SI.com’s Grant Wahl tells the story of Nick Pugliese, the only American playing professional soccer in Afghanistan. A year ago, Pugliese graduated from Williams, where he had been captain of the school’s soccer team. In the year since, he took a job with a telecom company in Kabul only to leave soon thereafter to make far less money -- $300 per month -- playing professional soccer for a team called Ferozi FC that went on to win Afghanistan’s domestic cup.
To be sure, it’s quite an adventure, and one that is being captured on Pugliese’s thoughtful blog, “Nick Plays Football in Kabul.” But why is he doing it? "I'm using it as a way to explore the types of lives that young men are living in Kabul, which is probably different from what you see portrayed in the day-to-day media," the Rochester, N.Y., native tells SI. "The interesting question to me is why I've been accepted as a member of the community in spite of or because of my status as an American. Through these soccer teammates, I've become part of the community."
Pugliese points out that he has melted the social barriers through soccer: "It speaks to the power of: Can you play or not?
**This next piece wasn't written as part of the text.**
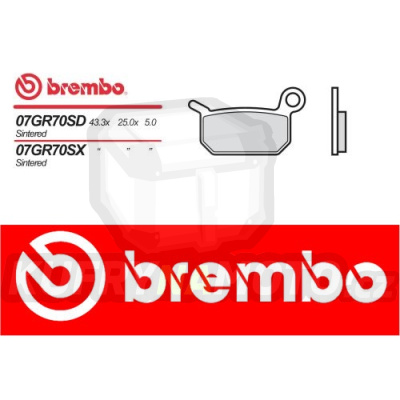 Brzdové destičky Brembo KTM SX PRO SENIOR 50 r.v. Od 02 - 03 směs SX Přední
Can you help my team win? If so, you're valued," he says. "That's been one of the most positive things I've experienced here. If you're valued on a soccer field, that opens so many opportunities to be seen as valuable as a person and to actually form friendships. Soccer is the link. I think my trying to be as humorous as possible and laughing at things is the second link. Then you spend time together, and it's easy to find things to relate over, even if you can't communicate it through words."